- Required action
For every line below, restate it exactly and drop the images.

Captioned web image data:
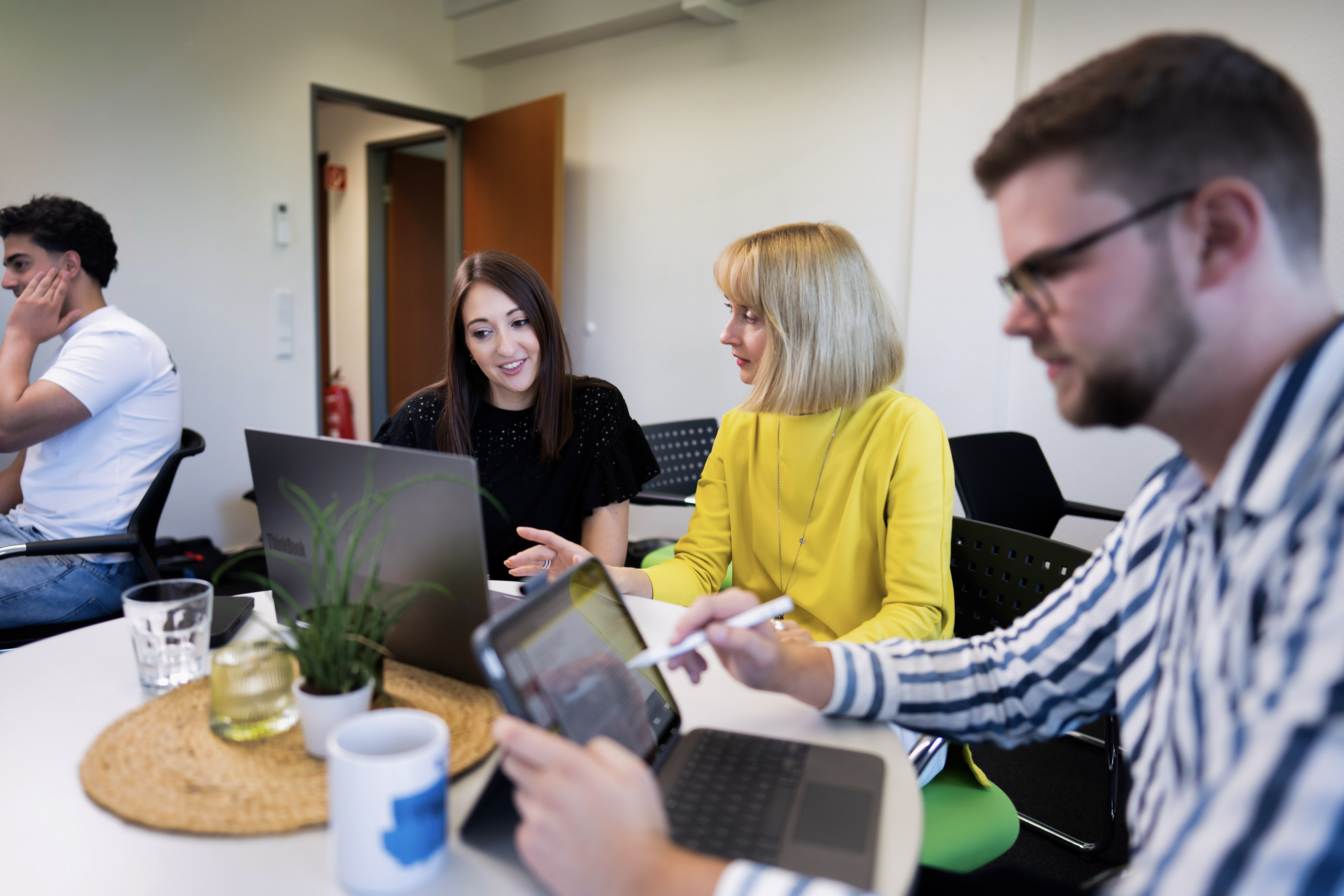 Zwei Personen am Tisch sehen sich eine Präsentation auf einem Laptop an, während eine dritte Person im Hintergrund mit einem Smartphone beschäftigt ist. Auf dem Tisch stehen Getränke und eine kleine Pflanze.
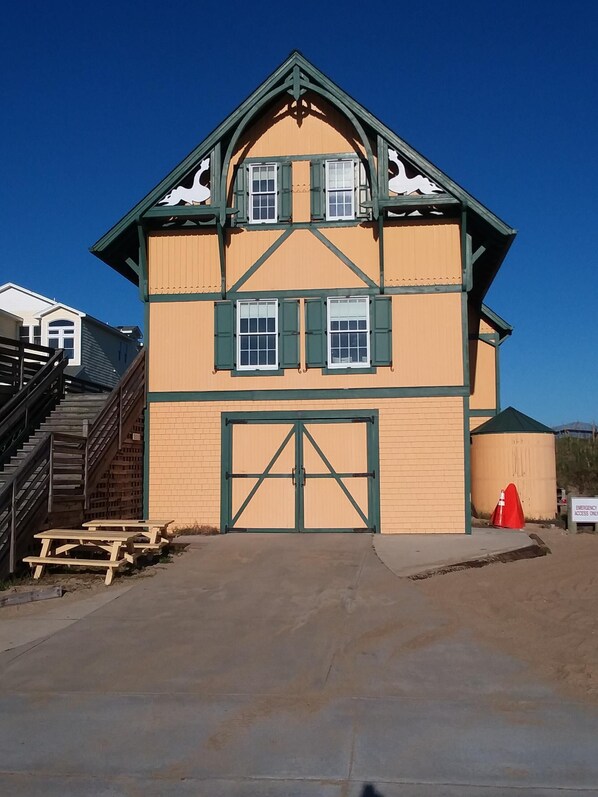 A two-story building with a large garage door, a staircase on the left, and picnic tables in front.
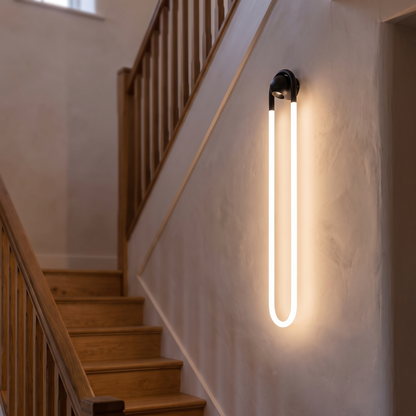 Loop arc wall light lit in a stairwell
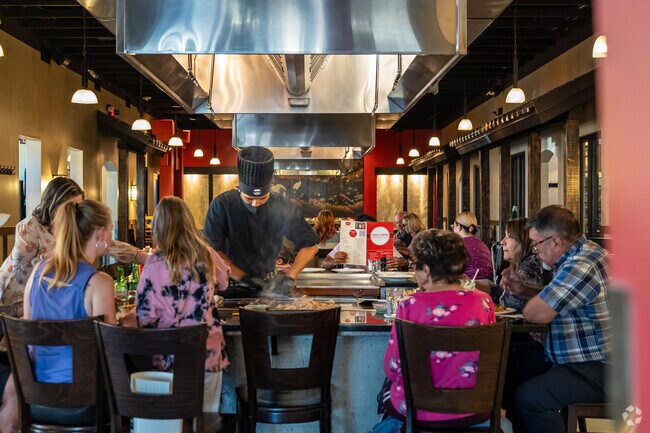 A chef prepares food right at his customers’ table.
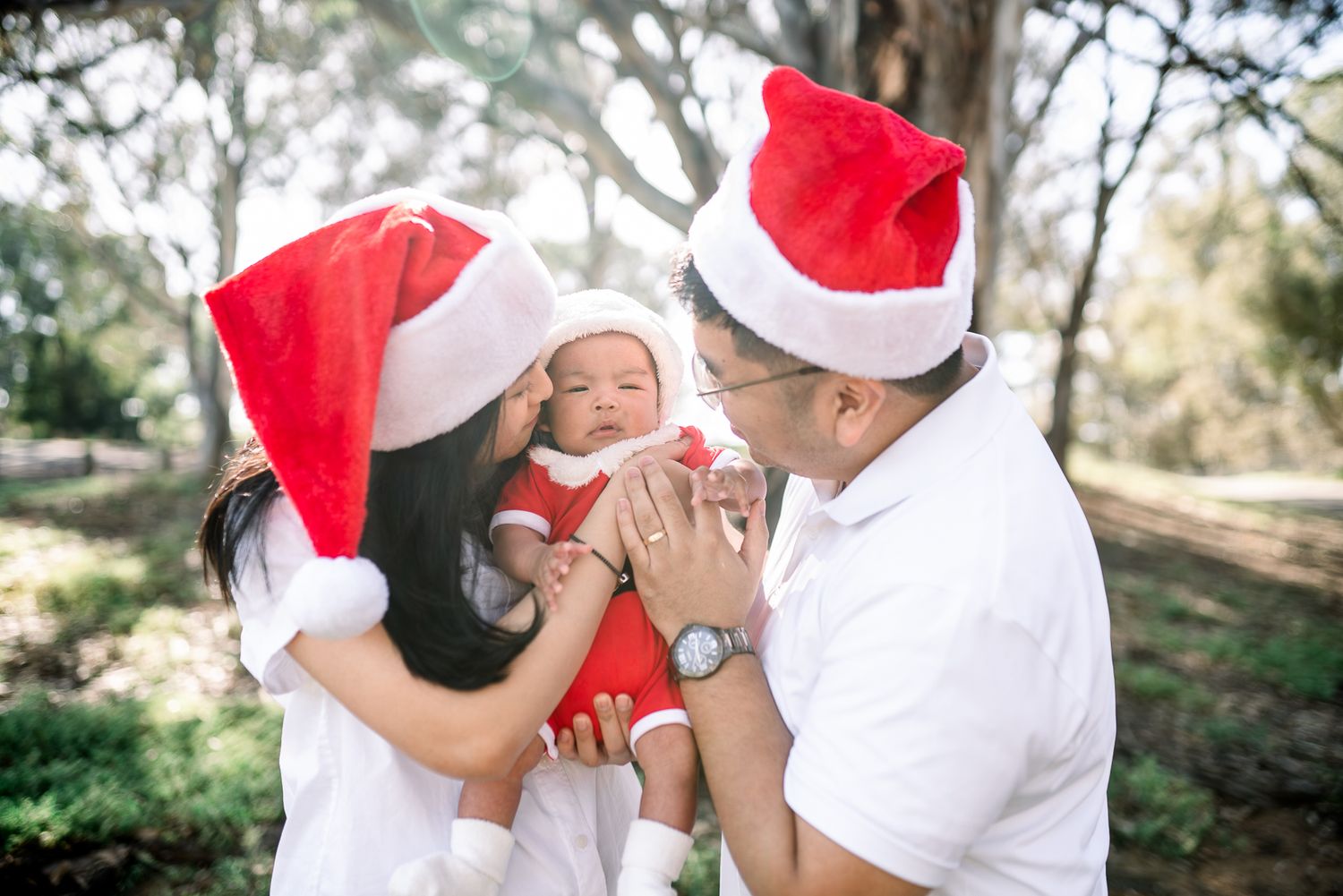 A young family in Santa hats share intimate holiday moments in a series of outdoor Chrismas Minis photo in Melbourne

- Output of the task
 Zwei Personen am Tisch sehen sich eine Präsentation auf einem Laptop an, während eine dritte Person im Hintergrund mit einem Smartphone beschäftigt ist. Auf dem Tisch stehen Getränke und eine kleine Pflanze.
 A two-story building with a large garage door, a staircase on the left, and picnic tables in front.
 Loop arc wall light lit in a stairwell
 A chef prepares food right at his customers’ table.
 A young family in Santa hats share intimate holiday moments in a series of outdoor Chrismas Minis photo in Melbourne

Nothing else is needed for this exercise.